2010 Theme: Different eyes
The theme for Spring Harvest 2010 can be summed up in a word – ethics.
The Learning Guide (available when you arrive) gives you background information to the teaching you will experience in the Zones each day. This year's Learning Guide will help you think more about developing Christ-like ethics, both whilst you're at Spring Harvest and when you go home.
What are ethics?
Most people regard ethics as thinking about difficult and ambiguous moral quandaries – "Should I lie to protect a friend?""Must we always tell a dying person they are dying?""‘Do we have to tell the whole truth all the time, however brutal?""‘Can I ever compromise my values to achieve a good goal?"

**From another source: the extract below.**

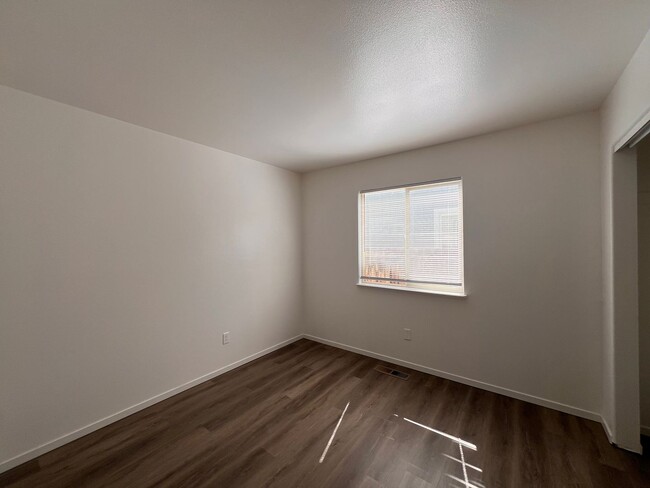 Building Photo - Cute Home in Donner Trail Estates.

Ethical frameworks go unnoticed, but they surround us
In fact, ethics are bigger and broader than these questions. Our ethics provide a cultural framework – an under-pinning value system – in which we live our whole lives. Ethics are like the air we breathe. Although for the most part they go unnoticed, our lives and communities depend on them.
Whether we like it or not, we’re all doing ethics all the time with questions such as, “Was it right to grass someone up over the murder of Archie Mitchell?” “Is it right to be so explicit about
cancer sufferers in Corrie?” The internet is full of sites where people debate soap opera story lines – and we do the same in real life.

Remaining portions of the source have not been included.